**EXERCISE:** Given the listing that follows, report all lines in which the string "Vintage" occurs.

(RECORDS SHOWN)

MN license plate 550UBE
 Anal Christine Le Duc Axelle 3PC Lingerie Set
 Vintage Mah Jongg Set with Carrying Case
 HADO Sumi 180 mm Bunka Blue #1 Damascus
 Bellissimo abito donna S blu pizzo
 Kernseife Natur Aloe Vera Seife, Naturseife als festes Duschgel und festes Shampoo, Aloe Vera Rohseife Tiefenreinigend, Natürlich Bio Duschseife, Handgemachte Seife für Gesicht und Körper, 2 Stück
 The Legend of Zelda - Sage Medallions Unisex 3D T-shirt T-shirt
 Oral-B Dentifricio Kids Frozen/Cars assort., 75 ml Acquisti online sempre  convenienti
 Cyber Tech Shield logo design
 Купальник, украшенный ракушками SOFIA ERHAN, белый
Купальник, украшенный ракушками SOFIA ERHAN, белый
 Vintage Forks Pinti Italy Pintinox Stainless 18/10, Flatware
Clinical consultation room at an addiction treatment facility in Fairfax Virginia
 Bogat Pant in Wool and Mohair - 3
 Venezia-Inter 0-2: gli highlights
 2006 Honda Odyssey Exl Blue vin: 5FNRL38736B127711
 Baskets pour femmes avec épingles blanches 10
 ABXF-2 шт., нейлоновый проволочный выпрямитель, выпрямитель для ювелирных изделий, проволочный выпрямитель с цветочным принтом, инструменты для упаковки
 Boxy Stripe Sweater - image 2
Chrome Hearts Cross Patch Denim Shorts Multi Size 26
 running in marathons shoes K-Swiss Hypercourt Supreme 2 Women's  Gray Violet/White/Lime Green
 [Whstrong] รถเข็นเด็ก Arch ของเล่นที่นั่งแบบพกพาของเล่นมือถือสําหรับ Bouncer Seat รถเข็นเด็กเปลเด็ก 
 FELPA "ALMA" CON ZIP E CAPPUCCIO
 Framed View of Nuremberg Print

(End RECORDS SHOWN)

**WORKED SOLUTION:**
 Vintage Mah Jongg Set with Carrying Case
 Vintage Forks Pinti Italy Pintinox Stainless 18/10, Flatware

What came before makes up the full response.